To start you all off, this is mine...











Any other Micra/March owners on here?


----------



## andre (Apr 30, 2002)

LOL...love your breakfast.  Car got any mods?


----------



## Guest (Aug 10, 2002)

Mods... erm it actually has a few less than I thought... but it's still quick!!!

At the mo, the only mods I can actually confirm are:-

Custom K&N induction
4 Cold air feeds
Janspeed tubular manifold (wrapped)
Janspeed system
Janspeed 3 1/2" back box

Lightened/stripped out (still a bit to do)

9 spoke March ST rims (very very nice!)


There is definitely something else but at the moment I can not confirm it


----------



## Seva (Jul 10, 2002)

show some more pictures please!

what kind of miles per gallon(or km per liter) does your car get?


----------



## Guest (Aug 20, 2002)

erm...

40 round town
50 basic pottering - to work and back, or a short-ish journey
55-60 on a motorway run 150 miles plus

40 if I thrash it in any situation!

that's miles per gallon by the way!

Not bad at all really!

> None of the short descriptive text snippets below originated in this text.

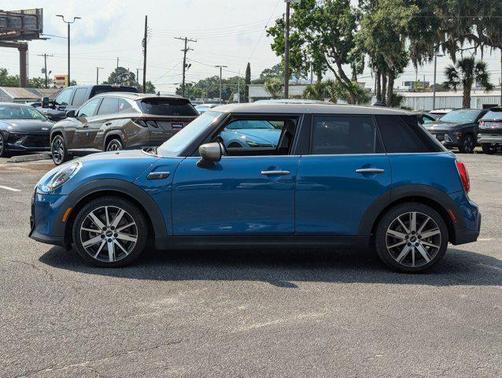 2022 MINI Hardtop Cooper S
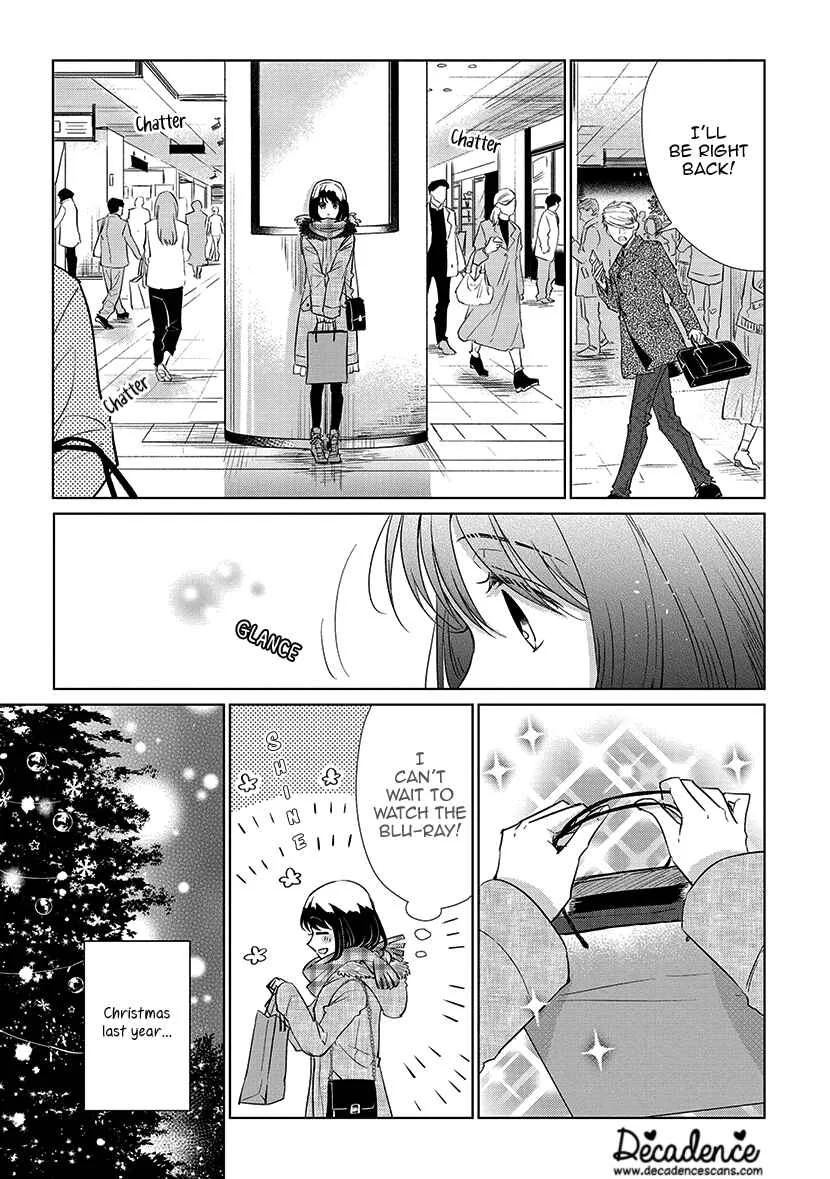 Koi to Yobu ni wa Kimochi Warui Chapter 1: Une Fleur: Artbook - Ch 1-6 - Page 35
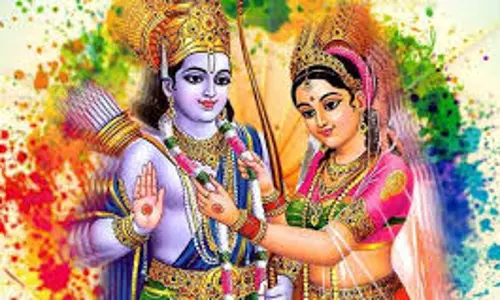 Vivah Panchami पर करें भगवान राम के नामों का जाप से होगी कृपा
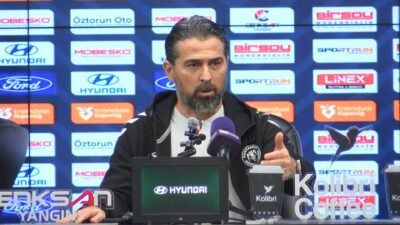 Ardacan UZUN - Selda Hatun TAN / KOCAELİ,(DHA)- SÜPER Lig’in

I certainly can't complain!


----------



## Seva (Jul 10, 2002)

sam-micrak11 said:


> *erm...
> 
> 40 round town
> 50 basic pottering - to work and back, or a short-ish journey
> ...


those are great numbers.
too bad stateside consumers preffer the oversized minivans, known as SUVs and cars like that are popular among very few.
how much is a gallon of petrol, btw, in your town??

p.s. pics???


----------



## blownb310 (Jun 10, 2002)

*Great car!*

Thanks for posting the pic of your Micra. I like them, and wish we had them here. The Sentra is getting too big! We need small lightweight cars too. What engine is in it?


----------



## 87 micra (Oct 25, 2003)

i got one! k10 baby
1.2L and carburated lol
pic - http://www.nissanforums.com/showthread.php?s=&postid=351591#post351591


----------



## Rama (Mar 8, 2003)

Aren't we supposed to be getting this here stateside in 05 or 06?


----------



## dschrier (May 6, 2002)

Yeah, the sentra is getting too big, it is about as big as the 90's altimas were now. They should just raise gas prices by a few dollars to kill off all of the SUV's and minivans then we'll get our small cars back!


----------